**How to complete this task**
Exclude the pictures and transcribe the rest of the data below exactly.

**Raw data**
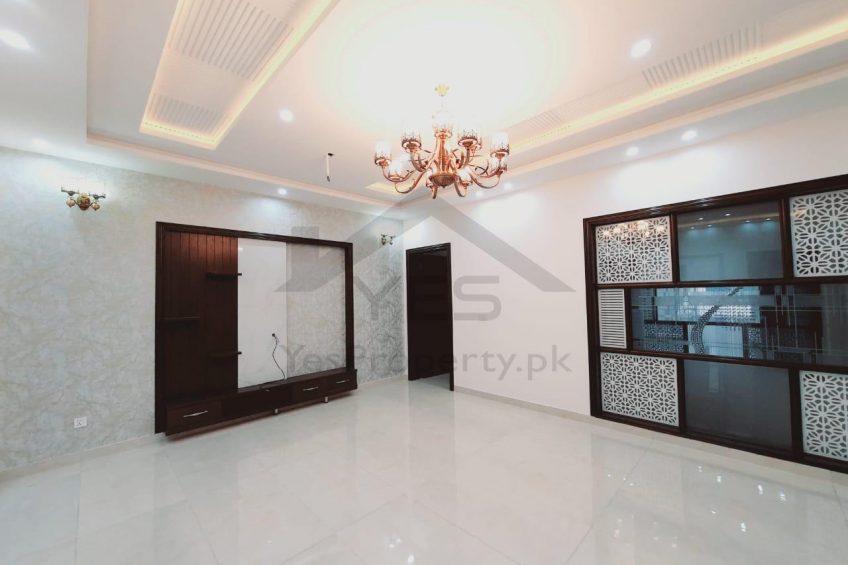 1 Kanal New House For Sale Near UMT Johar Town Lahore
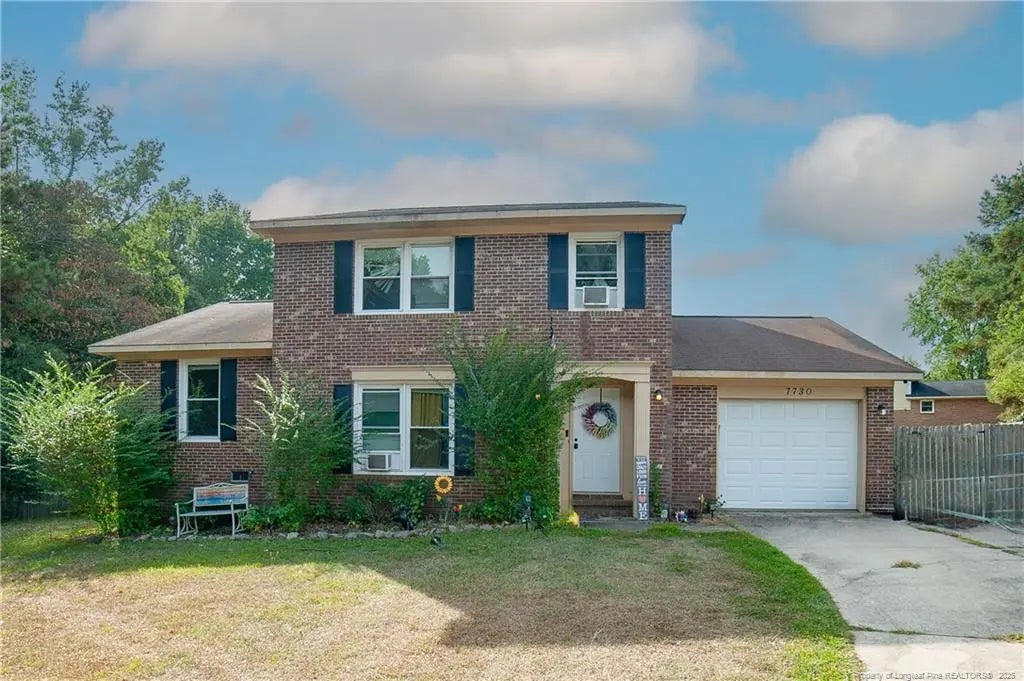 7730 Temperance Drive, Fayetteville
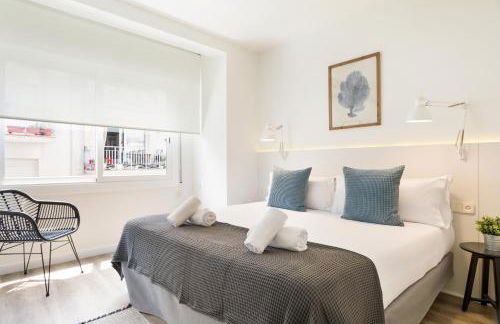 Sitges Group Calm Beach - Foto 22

**Task answer**
 1 Kanal New House For Sale Near UMT Johar Town Lahore
 7730 Temperance Drive, Fayetteville
 Sitges Group Calm Beach - Foto 22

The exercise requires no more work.